··· Source records ···

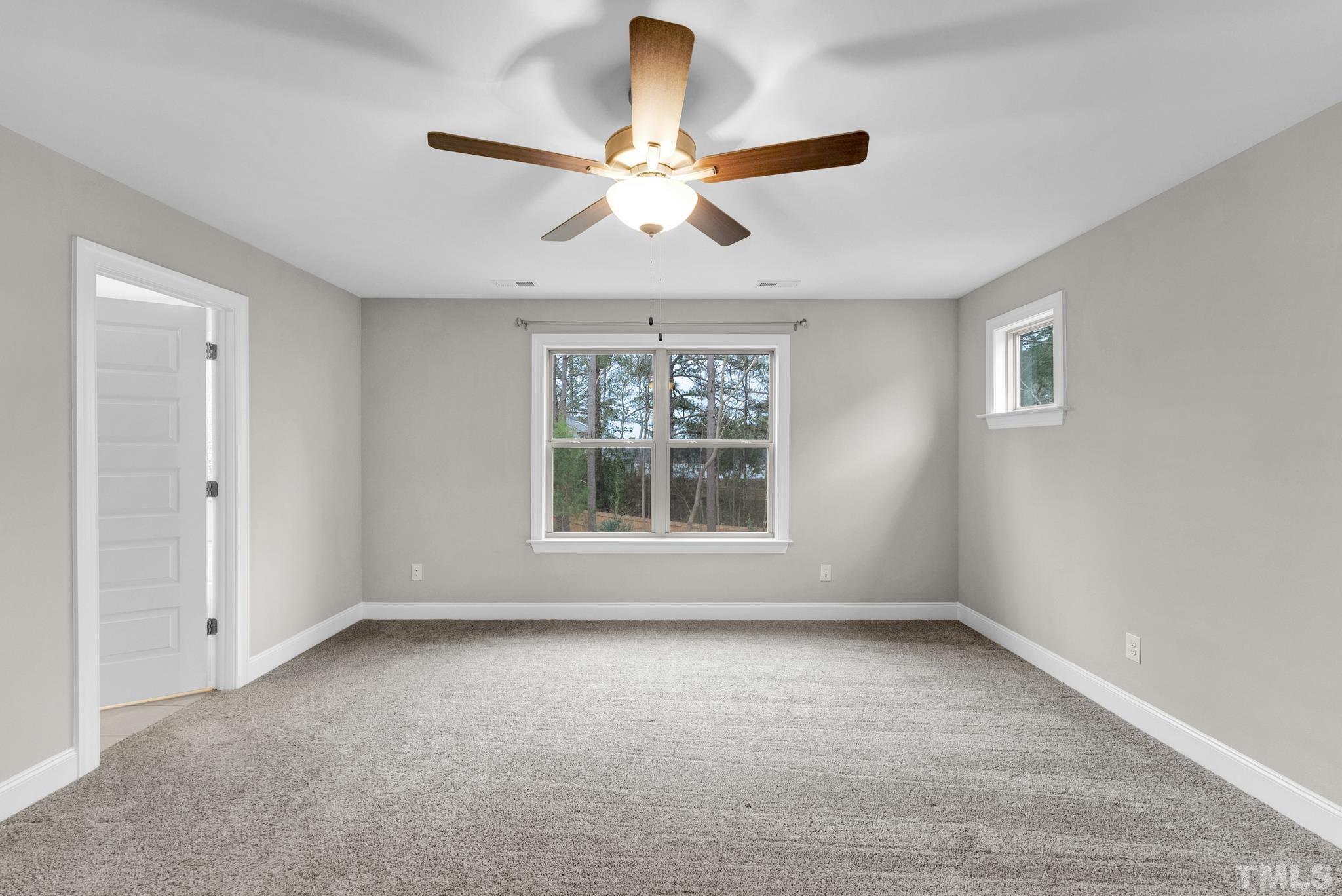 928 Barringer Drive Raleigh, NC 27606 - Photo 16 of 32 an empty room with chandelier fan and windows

···
··· Source records ···

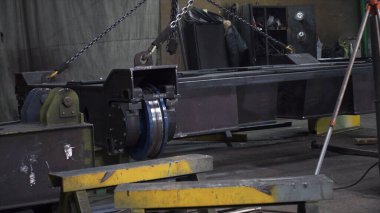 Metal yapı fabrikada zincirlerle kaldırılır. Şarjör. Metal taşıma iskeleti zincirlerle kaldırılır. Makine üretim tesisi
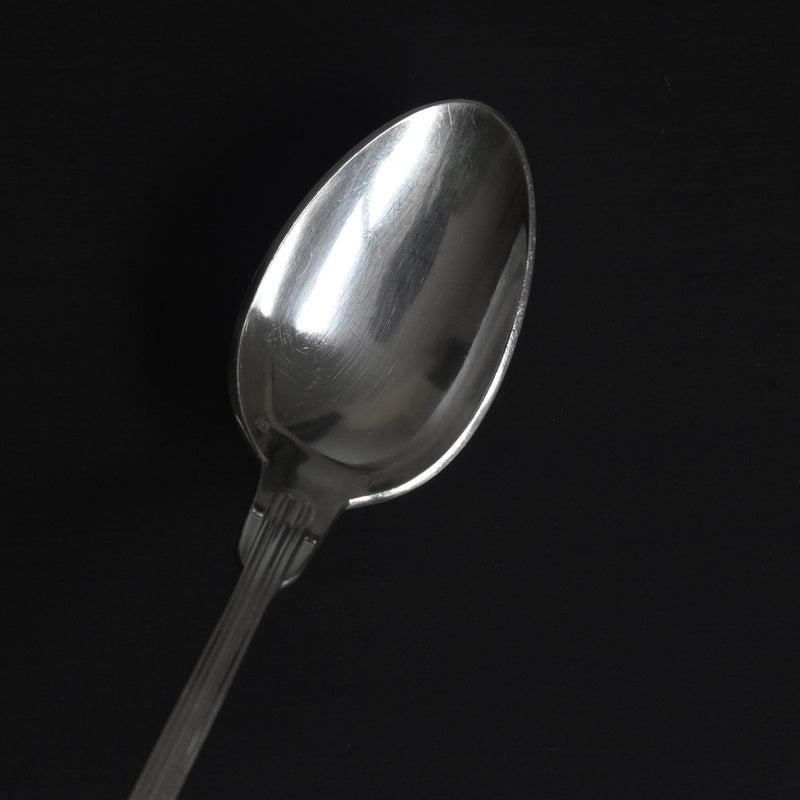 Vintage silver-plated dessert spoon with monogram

···

**Your task**
From the line with "Metal yapı fabrikada" up to and including the line with "Vintage silver-plated dessert" above, retype every line exactly and nothing more; leave out the pictures.

**Solution to the exercise**
 Metal yapı fabrikada zincirlerle kaldırılır. Şarjör. Metal taşıma iskeleti zincirlerle kaldırılır. Makine üretim tesisi
 Vintage silver-plated dessert spoon with monogram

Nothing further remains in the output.